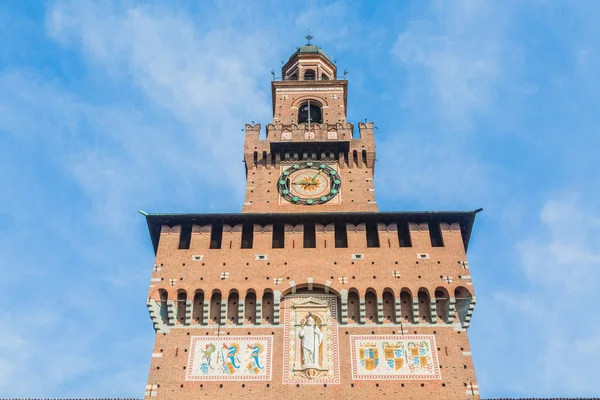 Beau château de Sforzesco dans le centre de Milan — Photo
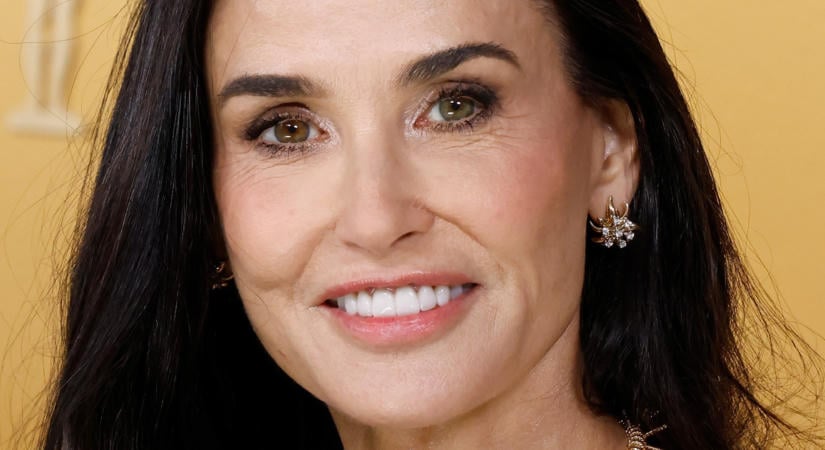 Hatalmas divatbaki? Demi Moore a rajongók szerint „nevetségesen” festett ebben a szettben - FOTÓ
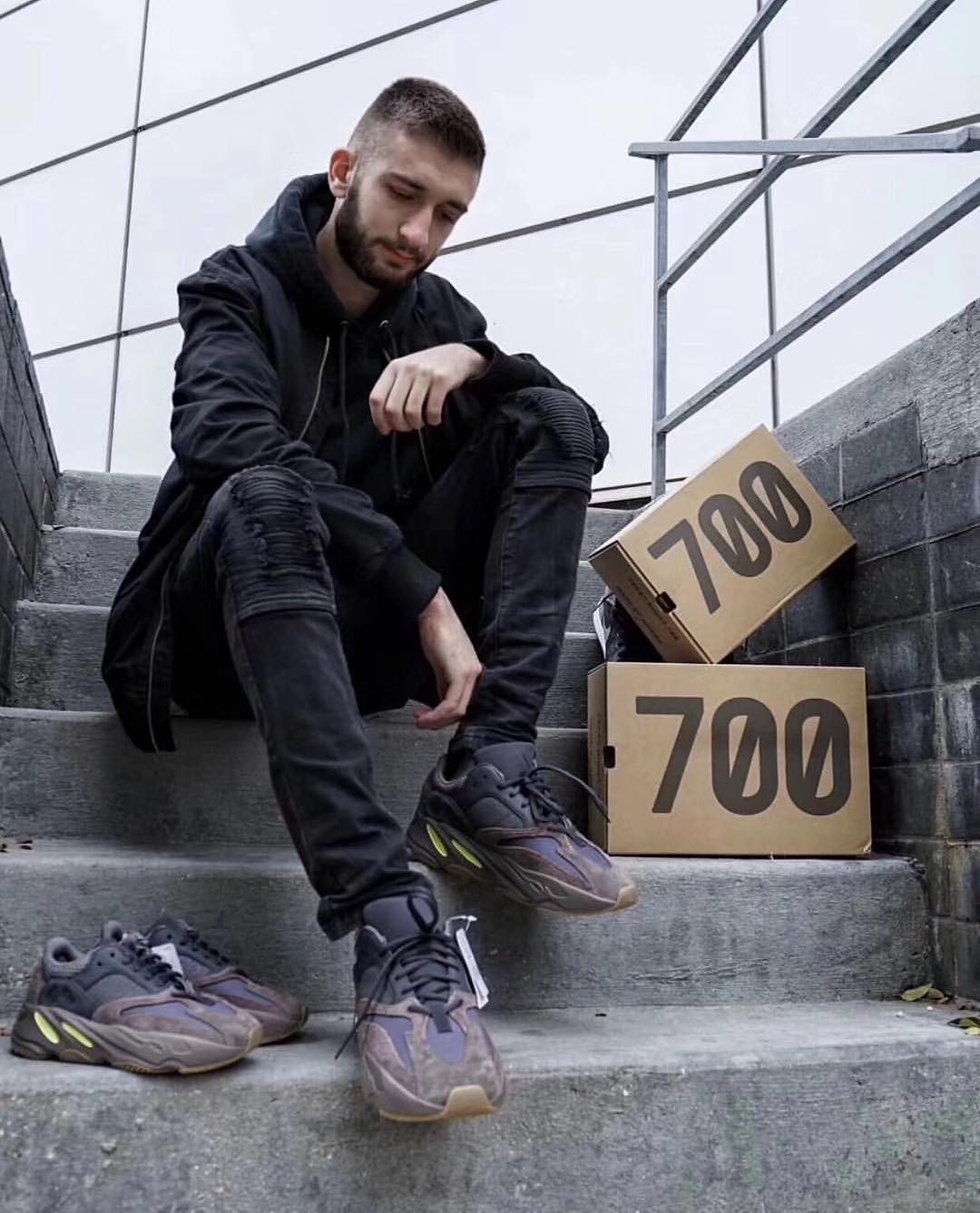outfit yeezy 700 mauve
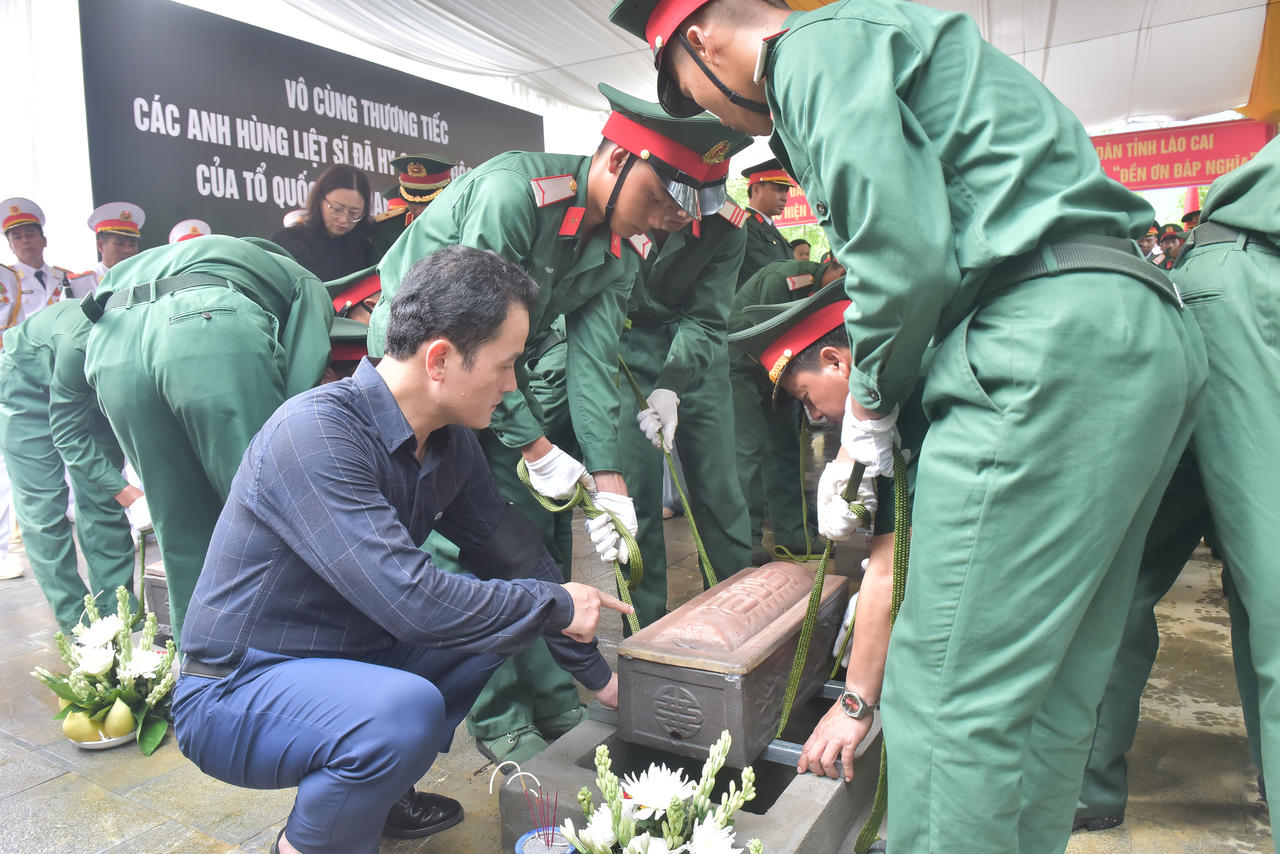 Lào Cai truy điệu, an táng 9 hài cốt liệt sĩ hy sinh trong chiến tranh bảo vệ biên giới phía Bắc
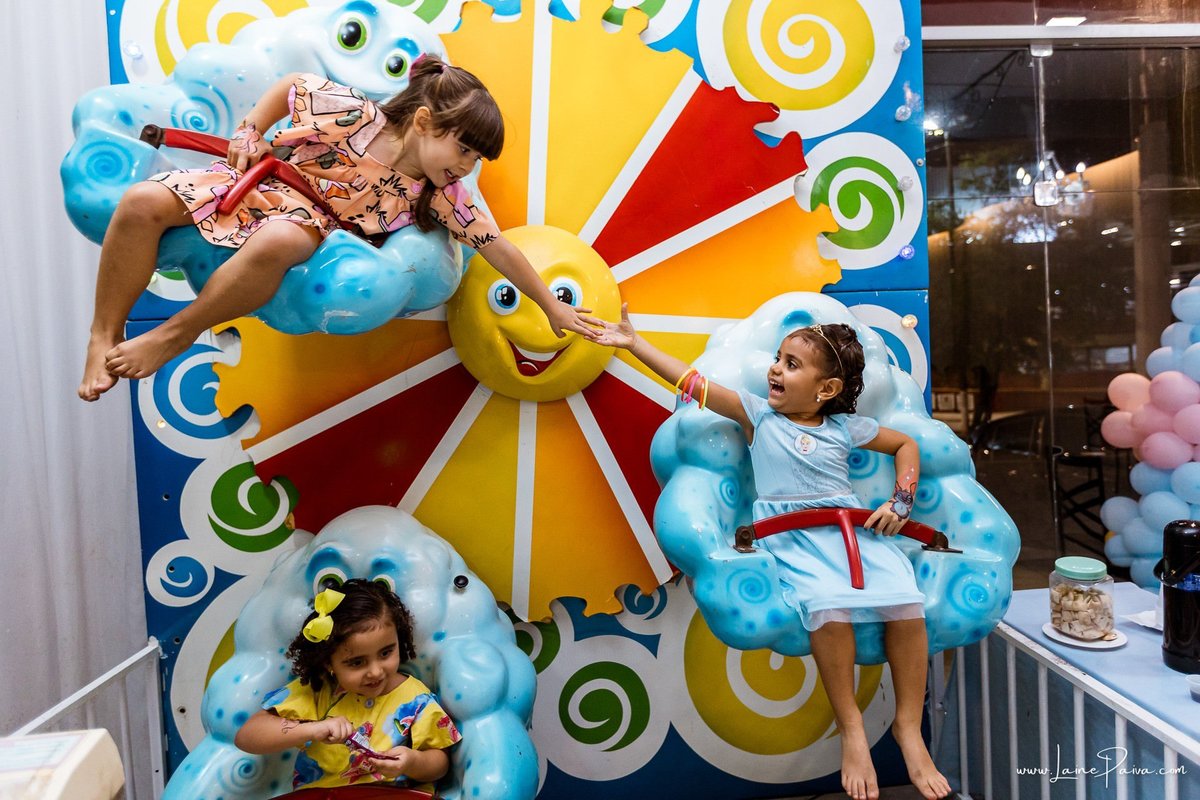 Festa de 4 anos de Laura na Carollyne Provençal Prime, com tema Cinderela  princesa da Disney, cheia de brincadeiras, diversão. Fotografia de aniversario infantil em natal rn. Festa infantil com bolo, doces, brinquedos, companhia Era Uma Vez.
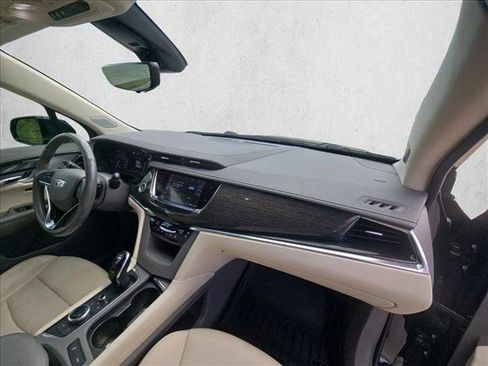 Used 2020 Cadillac XT6 Premium Luxury FWD image 23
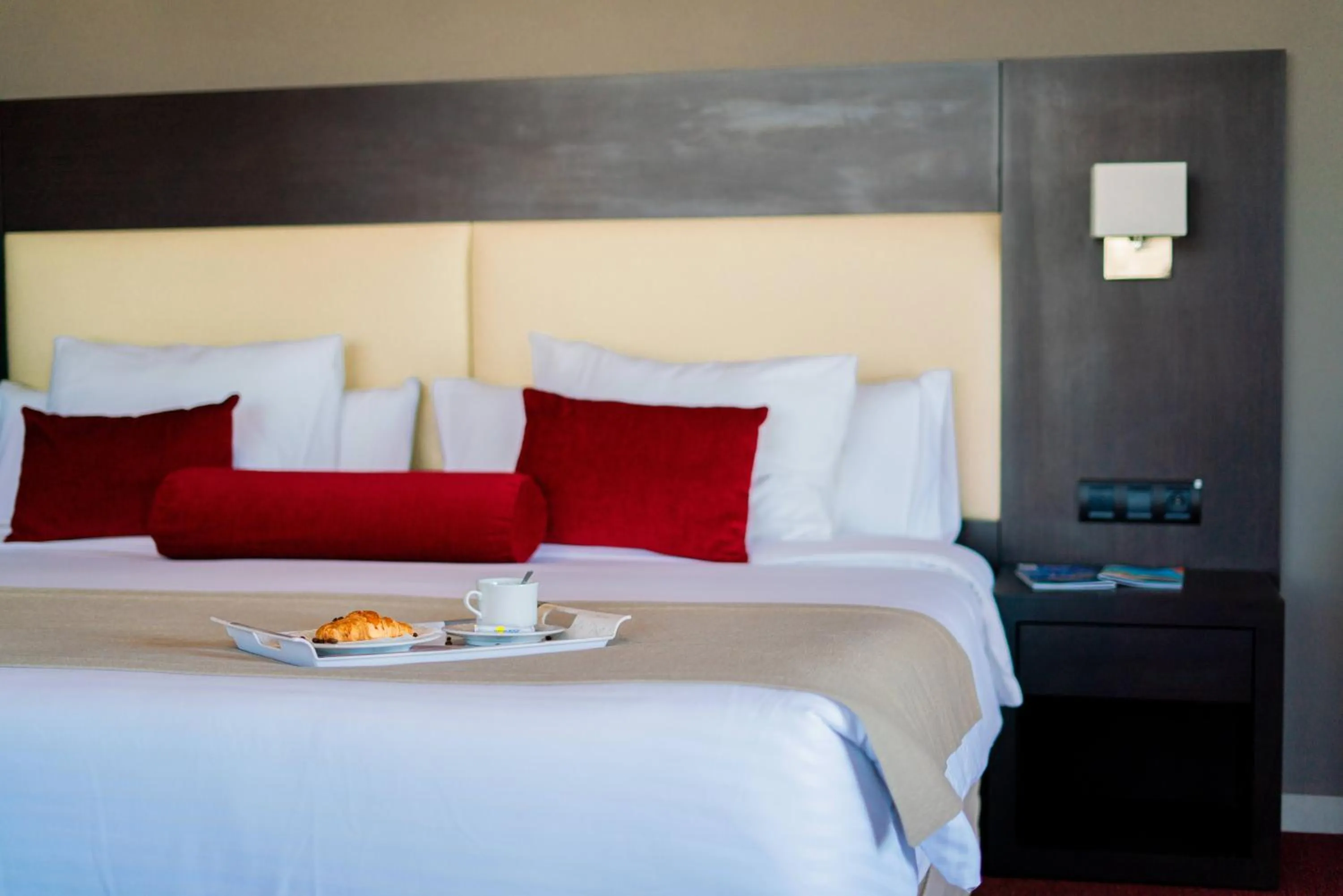 Bed in Hôtel Tamuda Beach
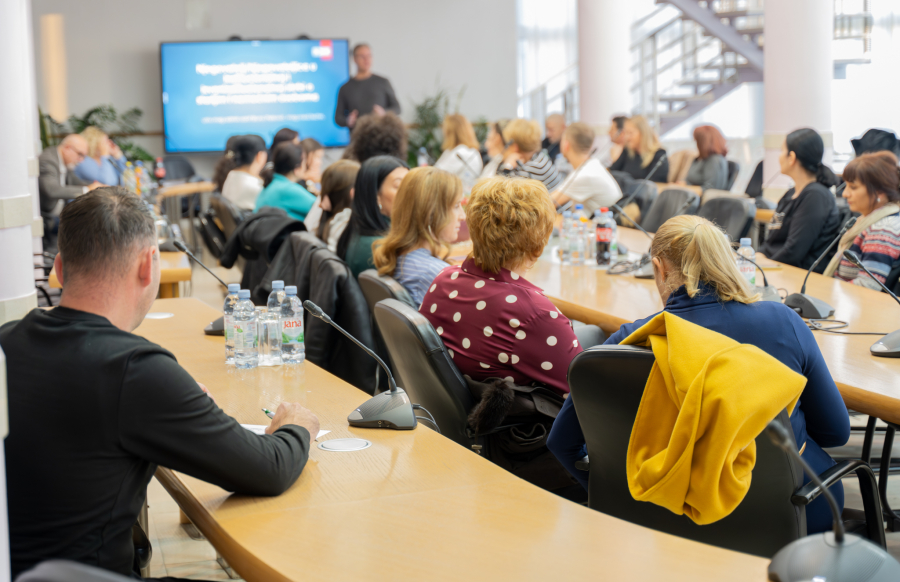 Znanje i empatija kao temelj skrbi za starije i nemoćne: Brodsko-posavska županija provela edukaciju za pružatelje socijalnih usluga
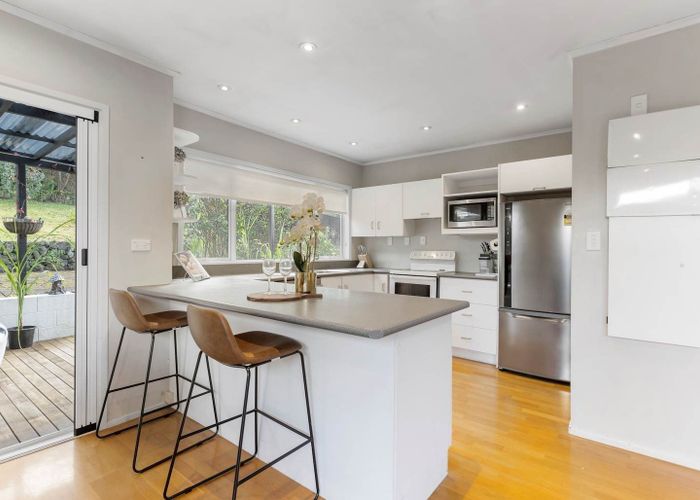  at 52 Meadowvale Avenue, Forrest Hill, Auckland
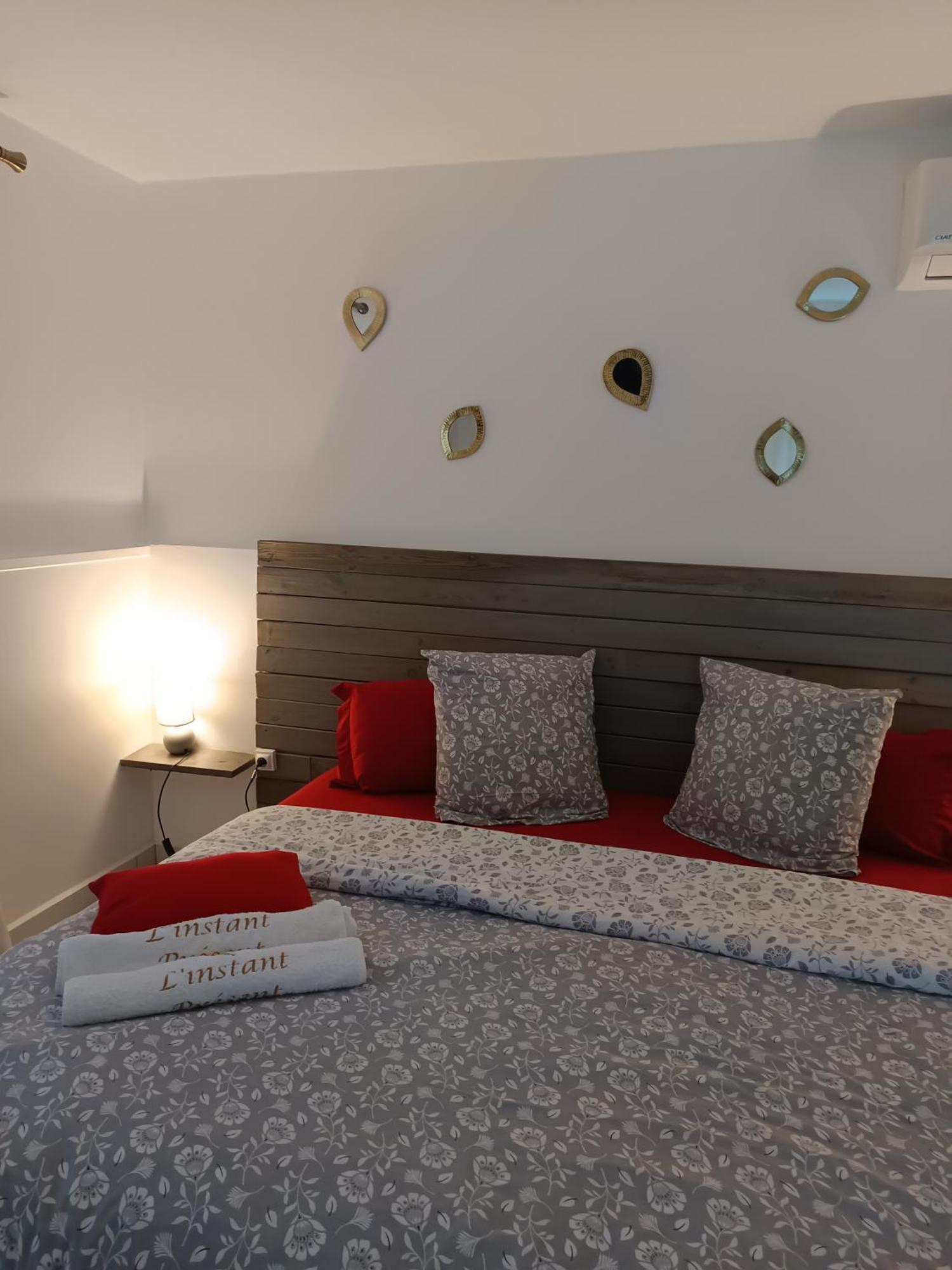 L'Instant Present Bed & Breakfast Le Moule Bagian luar foto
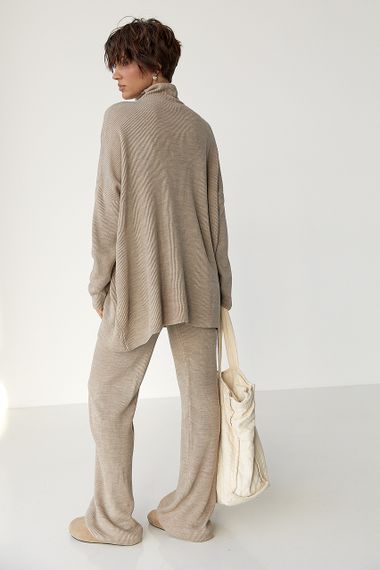 Вільний костюм в рубчик зі светром і прямими штанами - кавовий цвет, ONE SIZE (є розміри) | Зображення 1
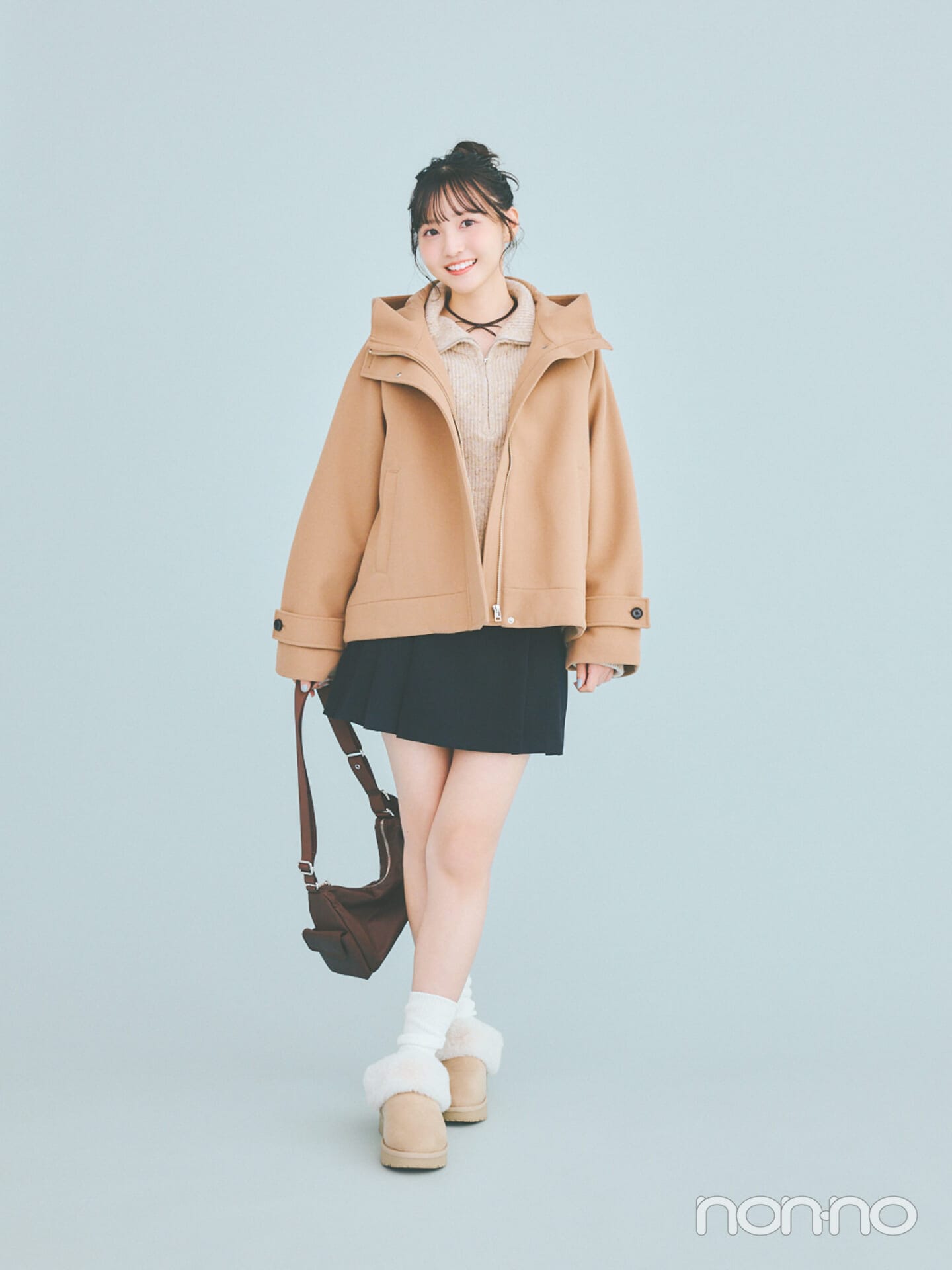 コージーメルトンショートフーディコートを着た小杉怜子さん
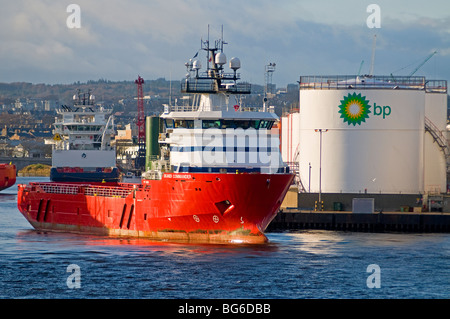 Il supporto dell'olio nave comandante Skandi lasciando Aberdeen Harbour per il Mare del Nord SCO 5605 Foto Stock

- - -

Please copy the data above word for word, but only from the line that contains "L'Instant Present Bed" through the final line, both included, and without the pictures.

**Written reply**
 L'Instant Present Bed & Breakfast Le Moule Bagian luar foto
 Вільний костюм в рубчик зі светром і прямими штанами - кавовий цвет, ONE SIZE (є розміри) | Зображення 1
 コージーメルトンショートフーディコートを着た小杉怜子さん
 Il supporto dell'olio nave comandante Skandi lasciando Aberdeen Harbour per il Mare del Nord SCO 5605 Foto Stock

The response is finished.